スーパスカラプロセッサのレジスタファイルの面積・エネルギー効率向上に関する研究 by 山田 淳二 & Yamada Junji
論 文 の 内 容 の 要 旨 
 
 
 
論文題目    Register Files of Superscalar Processors 
for Area and Energy Efficiency 
（スーパスカラプロセッサのレジスタファイルの面積・エ
ネルギー効率向上に関する研究） 
 
           氏  名    山田 淳二 
 
 
 
 
In the era of multicore processors, the area and energy efficiency of out-of-order 
superscalar processor cores is all the more important. It is because a multicore 
processor with more efficient cores can have a larger number of cores, and 
consequently more computational power. However, the region that includes the 
register file is one of the hot spots, and limits the computational power of the 
cores. 
The area and energy consumption of the register file is proportional to the square 
of the number of ports. Thus, reducing its ports is effective to downscale the 
register file, and a number of techniques have been proposed to do so. This thesis 
mainly focuses on the two techniques, introducing a register cache, and 
multibanking the register file. 
First, the author designed a register cache system in detail. The register cache 
is a cache for the main register file. Compared with the original register file, 
the register cache is smaller because it has a smaller size; the main register 
file is smaller because it has fewer ports. However, conventional register cache 
systems suffer from low IPC (Instructions Per Cycle) due to register cache misses. 
Shioya, et al. solved this problem with Non-latency Oriented Register Cache System 
(NORCS). Researchers in NVIDIA adopted this idea for their GPUs. 

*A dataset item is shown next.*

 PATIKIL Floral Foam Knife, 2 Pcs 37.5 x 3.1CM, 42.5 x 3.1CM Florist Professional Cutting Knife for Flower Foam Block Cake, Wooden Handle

However, they did not show detailed design of NORCS. The original article evaluated 
NORCS from the viewpoint of microarchitecture, and used CACTI, a design space 
exploration tool for usual instruction/data caches (not for register caches). In 
contrast, the authors designed NORCS with FreePDK45, an open source process design 
kit for 45nm technology, for detailed evaluation from the viewpoint of LSI design. 
The results with FreePDK45 are consistent with that of the original article. The 
author also performed SPICE simulations with RC parasitics to precisely estimate 
the latency of the register cache system. 

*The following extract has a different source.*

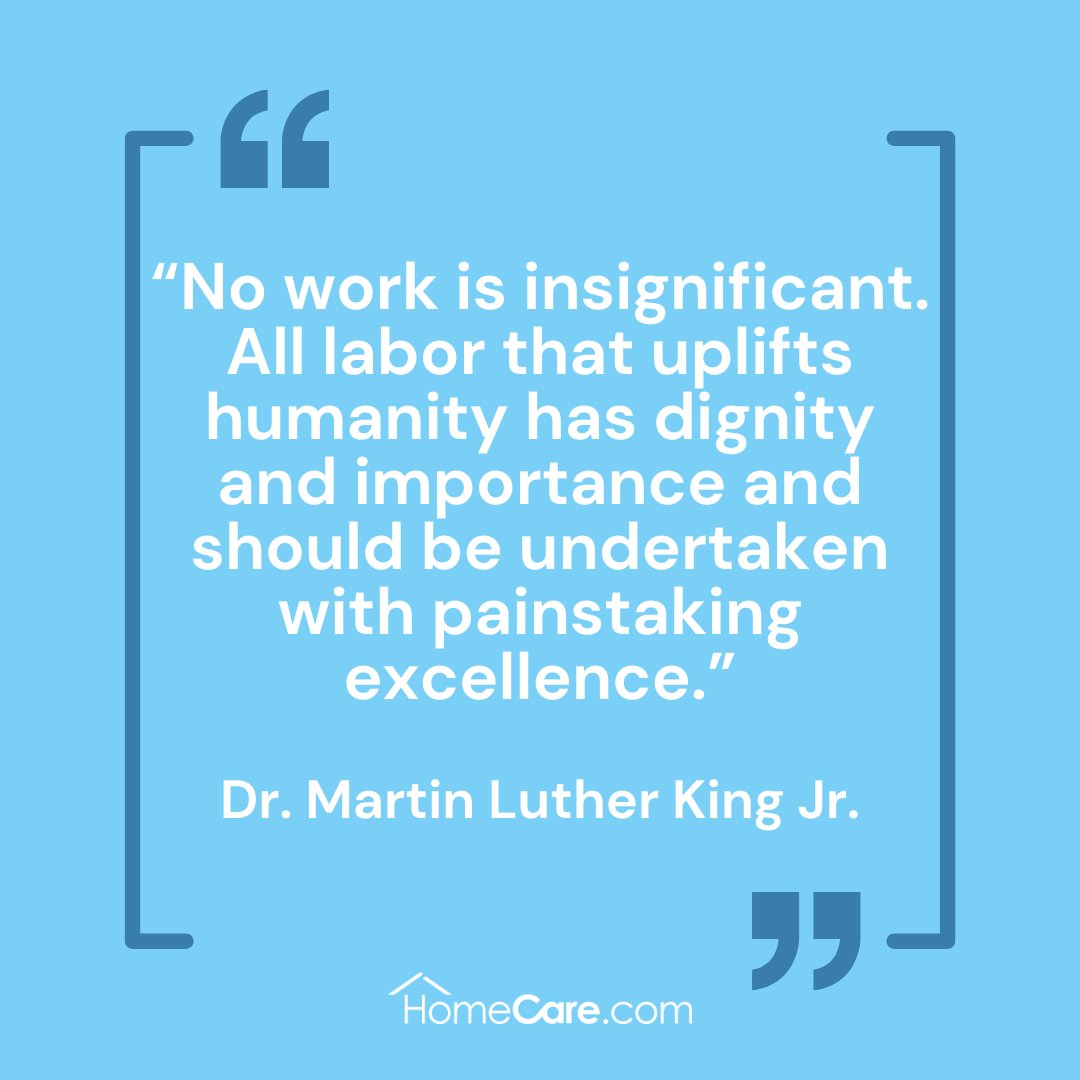 Homecarecom's tweet photo. Today, we take a moment to remember the life and legacy of Dr. Martin Luther King, Jr., who dedicated his life to social justice and equality for all. https://t.co/ejRRWmCkXc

Second, the author proposes the two architectural techniques for multibanked 
register files. Multibanking is the ultimate way to reduce the register file ports. 
Multibanking divides one n-port register file into n (or more) single-port banks 
while maintaining the throughput. Although multibanking achieves the minimum 
number of ports (i.e., 1), pipeline disturbance caused by bank conflicts can 
considerably degrade the IPC. To reduce the bank conflict probability of 
multibanked register files, this thesis shows the two microarchitectural 
techniques; one is Bank-Aware Instruction Scheduler (BAIS), and the other is 
Skewed Multistaged Multibanked Register File (MStage). 
BAIS schedules the instructions so that no bank conflict occurs in the stages to 
read/write the register file. The idea of bank-aware scheduling itself is not new. 
Prior studies briefly mentioned the possibility of bank-aware scheduling, or 
rejected it because it could increase the latency. On the contrary, the author 
shows an implementation of BAIS and clarifies that the latency of the logic is 
not practically increased. Although bank-aware scheduler uses as many arbiters 
as the number of banks, they do not practically prolong the latency because they 
work in parallel. 
In contrast, MStage is a totally new microarchitecture. MStage has two stages to 
read the bank of the multibanked register file, and an instruction that missed 
the bank because of a bank conflict still has a second chance to read the same 
bank in the second stage. As a result, MStage drastically reduces the pipeline 
disturbance caused by bank conflicts. This thesis also shows the analytic 
solutions for the pipeline disturbance probabilities of several multibanked 
register files. 
The evaluation results show that, from NORCS, BAIS with 24 banks achieves a 23.6% 
and 61.8%, and MStage with 18 banks achieves a 40.6% and 68.9% reduction in area 
and in energy consumption, while maintaining a relative IPC of 97.2% and 97.3%, 
respectively. In summary, NORCS, BAIS, and MStage show higher efficiency in area 
and energy consumption in ascending order.